### Task objective
Look below for the line with "National Railroad Retirement Investment Trust logo, National", then repeat it and all lines after it, exactly, minus any pictures.

(Data Opens)

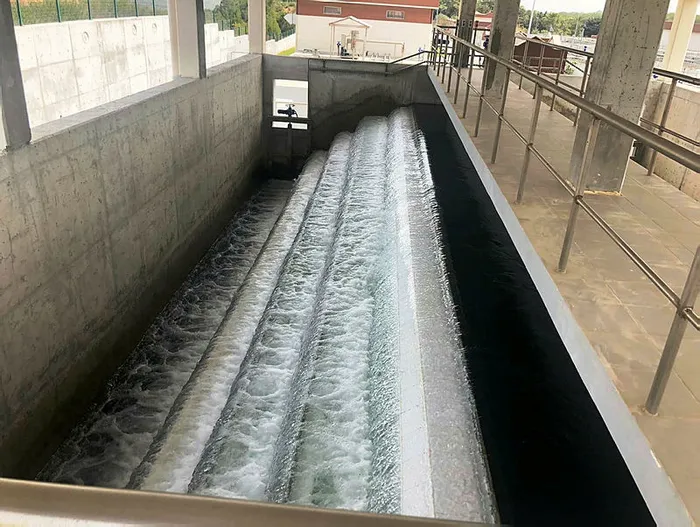 KKTC Cumhurbaşkanı Ersin Tatar’dan Rum tarafına şartlı ile anlaşma mesajı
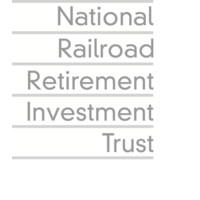 National Railroad Retirement Investment Trust logo, National Railroad Retirement Investment Trust contact details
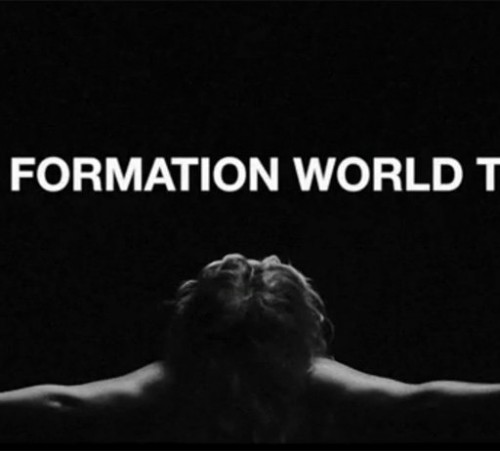 beyonce-formation-world-tour
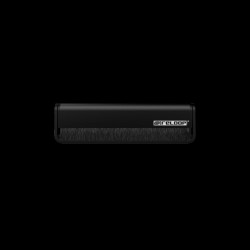 Reloop Premium Carbon Fibre Brush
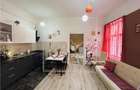 Casa individuala, 150 mp utili, pretabila investitie, Ultracentral - 22
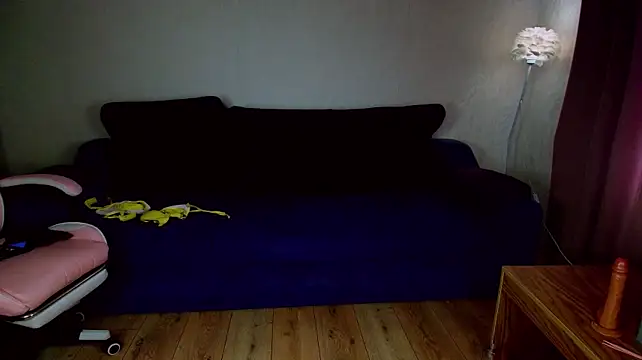 frozensakura webcam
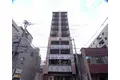京都府京都市下京区綾西洞院町の建物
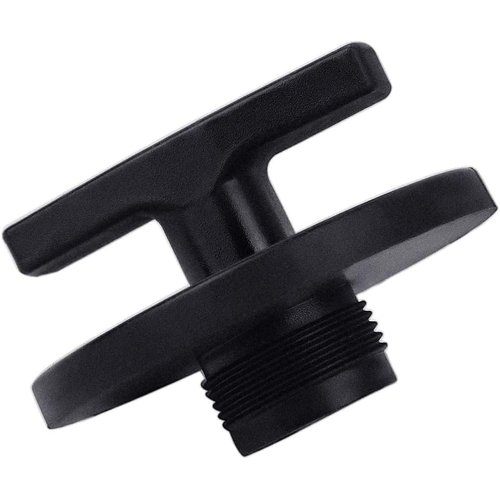 Oil Filter Plug Cap Off Tool With Gloves for 2013-2019 Dodge Ram Cummins, A Must Have For Oil Change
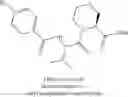 Fig. 347 - MALT1 inhibitors and uses thereof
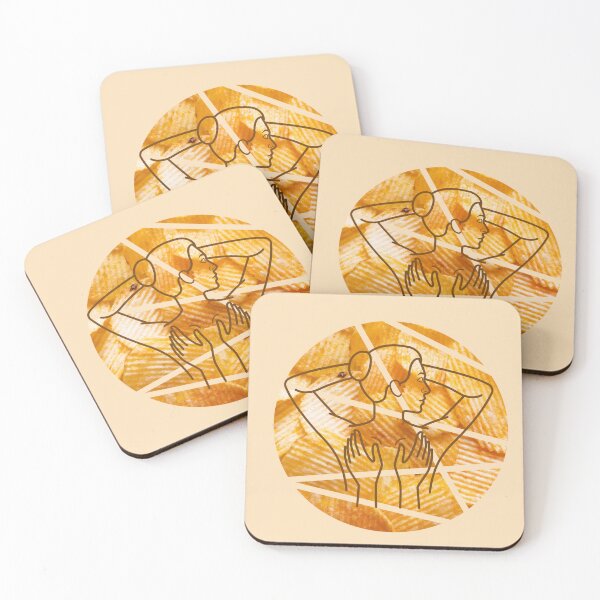 Item preview, Foodie Massage Therapist designed and sold by susannapujolcli.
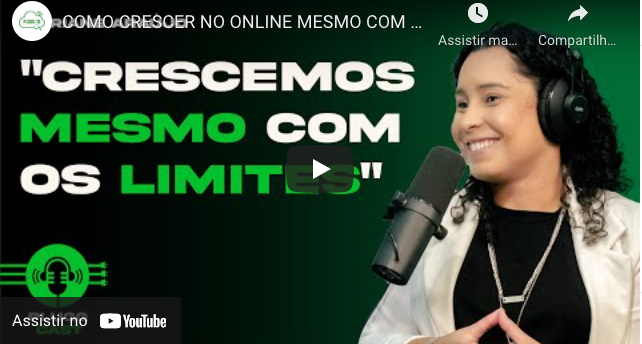 captura de tela 2022 05 25 às 16.51.42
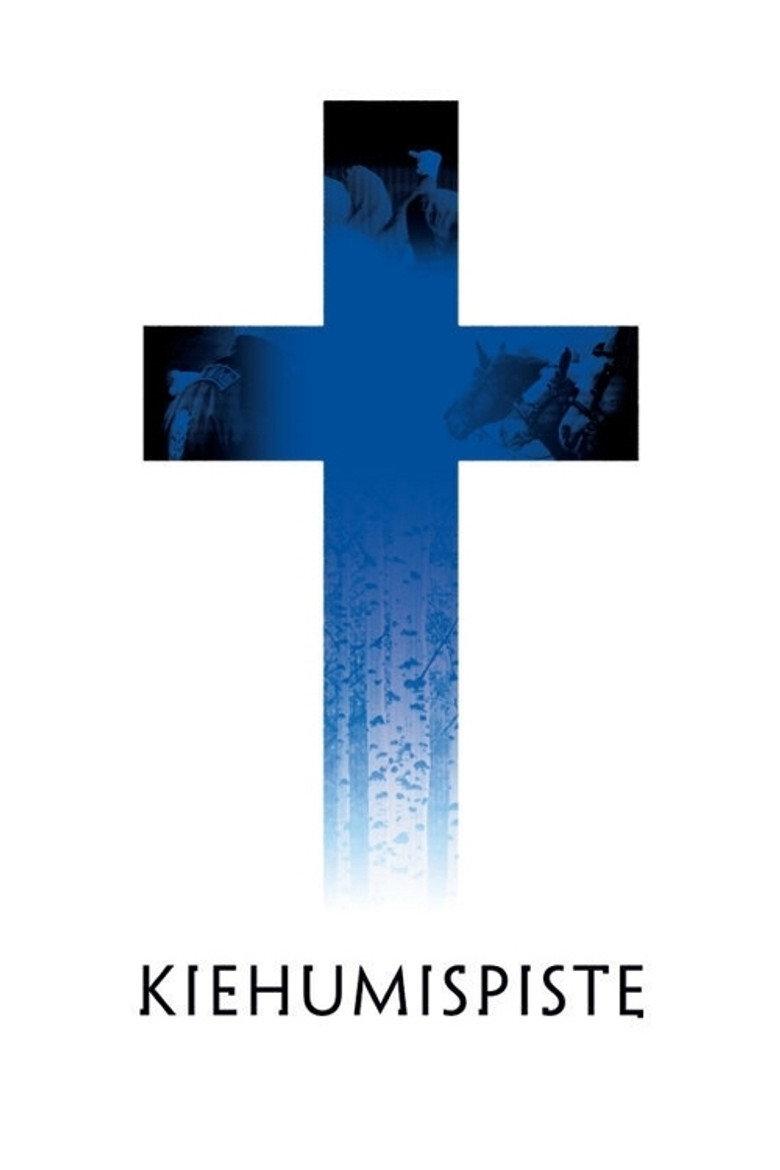 Kiehumispiste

(Data Closes)

### Result of this task
 National Railroad Retirement Investment Trust logo, National Railroad Retirement Investment Trust contact details
 beyonce-formation-world-tour
 Reloop Premium Carbon Fibre Brush
 Casa individuala, 150 mp utili, pretabila investitie, Ultracentral - 22
 frozensakura webcam
京都府京都市下京区綾西洞院町の建物
 Oil Filter Plug Cap Off Tool With Gloves for 2013-2019 Dodge Ram Cummins, A Must Have For Oil Change
 Fig. 347 - MALT1 inhibitors and uses thereof
 Item preview, Foodie Massage Therapist designed and sold by susannapujolcli.
 captura de tela 2022 05 25 às 16.51.42
 Kiehumispiste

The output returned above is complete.